Oh, the sound of a "kaching," the jingle of funding moving into a startup.
Entrepreneurs love winning investment dollars--and with reason. Funding lets entrepreneurs build the business, invest in a product and nurture a stronger team. Pick your funders carefully and you may also get a group of thoughtful, well-connected advisors. But investments can have a dark side, too: Some entrepreneurs discover that along with the dollars come tough task-masters, an insatiable demand for growth and a forced march toward an unexpected outcome.
There are other paths.
Since 1972, the US government has offered a different kind of support through its Small Business Initiatives Research and the Small Business Technology Transfer (STTR) programs. The effort got started by a tenacious program officer at the National Science Foundation, Roland Tibbetts, who had gone to college on the GI Bill, spent 20 years in industry and joined the NSF determined to spur research.
These days, the aggregate dollars for the program are staggering: Annually, the government puts aside $2.2 billion to support SBIR and STTR programs, distributed by 11 government agencies.
The government takes no equity in the teams it supports--but it does keep a careful watch on how its research dollars are doing. SBIR and STTR grants have resulted in 70,000 issued patents and close to 700 public companies. Private money has also followed in its wake: About $41 billion in venture investment has gone to companies that have been SBIR and STTR grantees.

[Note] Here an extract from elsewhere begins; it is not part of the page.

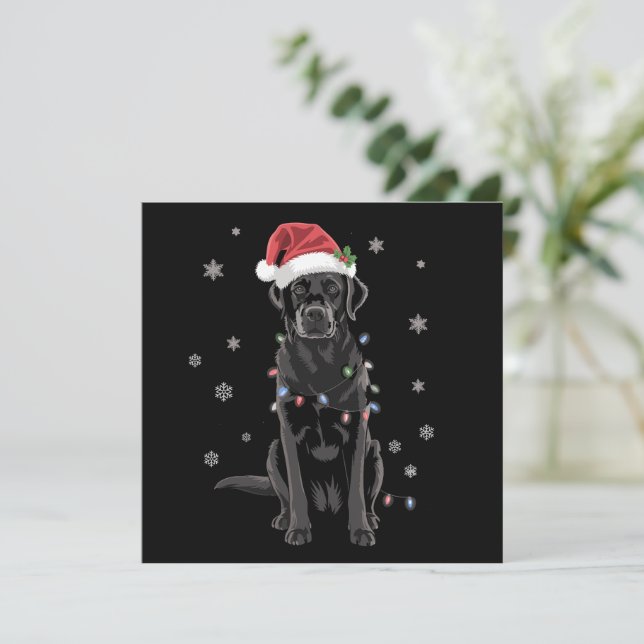 Cartes Pour Fêtes Annuelles Chien de Noël en pyjama avec éclairage d'arbre de  (Debout devant)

Rather than a business plan or a pitch deck, the SBIR program demands companies outline a plan for achieving a specified result.
This week, EdSurge is enormously proud to be among the 14 organizations to receive an SBIR grant. Our work, which is led by Edsurge product manager Leonard Medlock, will focus on building out our edtech selection tool, Concierge.
Concierge is one way EdSurge is making good on our goal of helping schools find and use the right technology to support all learners. (Read about Concierge here.)
All the awardees of the program have great projects underway.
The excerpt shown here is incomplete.